So the vote is back from the Volkswagen plant in Tennessee, and the workers there have rejected joining United Auto Workers by a few percentage points. Not surprisingly, union groups have condemned the election as rife with conservative interference. The South has long been the most hostile to any form of organized labor; a victory at a foreign-owned plant would have set a precedent to work off of.
Rich Yeselson, writing for the leftist magazine Jacobin, found the result predictable. Going over the various factors that contributed to the result:
Anybody can take the litany of factors I mention above and pick out the ones they think were most salient. Yes, the opposition of political elites was potent. Yes, the UAW neutralized VW, but, by turning it into a corporate pussycat, could barely provide a rationale for workers joining the union at all. Nor did it convey to the workers that it had the leverage to fight the company when necessary on their behalf, rather than accede to it as it had done with GM, Ford, and Chrysler. Yes, it’s the mostly white South, and it was a likely largely evangelical workforce, to boot.

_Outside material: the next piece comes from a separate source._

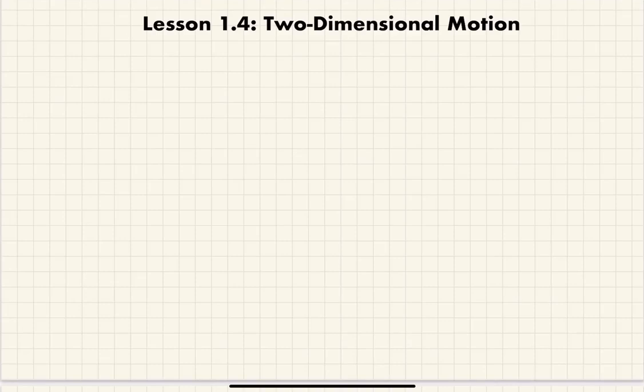Welcome back to AP Physics C, Unit 1 Kinematics. This is Lesson 1.4, 2-Dimensional Motion.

In an environment naturally hostile to unions, the advocates for change need to produce compelling reasons and tangible benefits. They were playing to an area where unions are viewed as part of a cast of evil- a worker grouped them in with Planned Parenthood, gun control, and the Democratic Party. Workers are stronger together than they are isolated and apart, but the most progress must be made in the most inhospitable places- not only in terms of perception, but the labor laws created in the past few decades.
What happened in Chattanooga is a bit of proof that unions like the UAW can’t get the key victories needed to reshape 21st century labor relations. It is not proof that there is no need for organized labor- but that the push should come from smaller and more unorthodox groups that can give the struggle the militancy and urgency it requires.